What the task asks ::
Your reply should consist of the listing, copied exactly.

Record excerpts ::
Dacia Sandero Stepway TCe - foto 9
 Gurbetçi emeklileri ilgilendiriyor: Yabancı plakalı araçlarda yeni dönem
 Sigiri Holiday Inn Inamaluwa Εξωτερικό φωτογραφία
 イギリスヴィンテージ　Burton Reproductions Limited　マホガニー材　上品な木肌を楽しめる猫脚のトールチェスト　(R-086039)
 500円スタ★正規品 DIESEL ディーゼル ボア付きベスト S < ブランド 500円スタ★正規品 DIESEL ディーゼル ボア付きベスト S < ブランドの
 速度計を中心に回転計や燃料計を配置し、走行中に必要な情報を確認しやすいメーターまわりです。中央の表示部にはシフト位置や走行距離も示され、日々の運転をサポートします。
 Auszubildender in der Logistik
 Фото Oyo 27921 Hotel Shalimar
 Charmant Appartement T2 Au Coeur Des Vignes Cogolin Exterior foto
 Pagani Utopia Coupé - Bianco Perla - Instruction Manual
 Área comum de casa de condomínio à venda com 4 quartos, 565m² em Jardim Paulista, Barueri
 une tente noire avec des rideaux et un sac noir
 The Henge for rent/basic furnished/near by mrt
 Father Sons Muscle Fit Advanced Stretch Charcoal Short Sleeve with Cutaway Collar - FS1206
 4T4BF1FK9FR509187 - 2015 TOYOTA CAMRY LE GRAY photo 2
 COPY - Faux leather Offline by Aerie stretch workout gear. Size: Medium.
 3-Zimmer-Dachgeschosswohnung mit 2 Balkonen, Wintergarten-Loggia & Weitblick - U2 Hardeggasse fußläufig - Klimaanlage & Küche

Task solution ::
Dacia Sandero Stepway TCe - foto 9
 Gurbetçi emeklileri ilgilendiriyor: Yabancı plakalı araçlarda yeni dönem
 Sigiri Holiday Inn Inamaluwa Εξωτερικό φωτογραφία
 イギリスヴィンテージ　Burton Reproductions Limited　マホガニー材　上品な木肌を楽しめる猫脚のトールチェスト　(R-086039)
 500円スタ★正規品 DIESEL ディーゼル ボア付きベスト S < ブランド 500円スタ★正規品 DIESEL ディーゼル ボア付きベスト S < ブランドの
 速度計を中心に回転計や燃料計を配置し、走行中に必要な情報を確認しやすいメーターまわりです。中央の表示部にはシフト位置や走行距離も示され、日々の運転をサポートします。
 Auszubildender in der Logistik
 Фото Oyo 27921 Hotel Shalimar
 Charmant Appartement T2 Au Coeur Des Vignes Cogolin Exterior foto
 Pagani Utopia Coupé - Bianco Perla - Instruction Manual
 Área comum de casa de condomínio à venda com 4 quartos, 565m² em Jardim Paulista, Barueri
 une tente noire avec des rideaux et un sac noir
 The Henge for rent/basic furnished/near by mrt
 Father Sons Muscle Fit Advanced Stretch Charcoal Short Sleeve with Cutaway Collar - FS1206
 4T4BF1FK9FR509187 - 2015 TOYOTA CAMRY LE GRAY photo 2
 COPY - Faux leather Offline by Aerie stretch workout gear. Size: Medium.
 3-Zimmer-Dachgeschosswohnung mit 2 Balkonen, Wintergarten-Loggia & Weitblick - U2 Hardeggasse fußläufig - Klimaanlage & Küche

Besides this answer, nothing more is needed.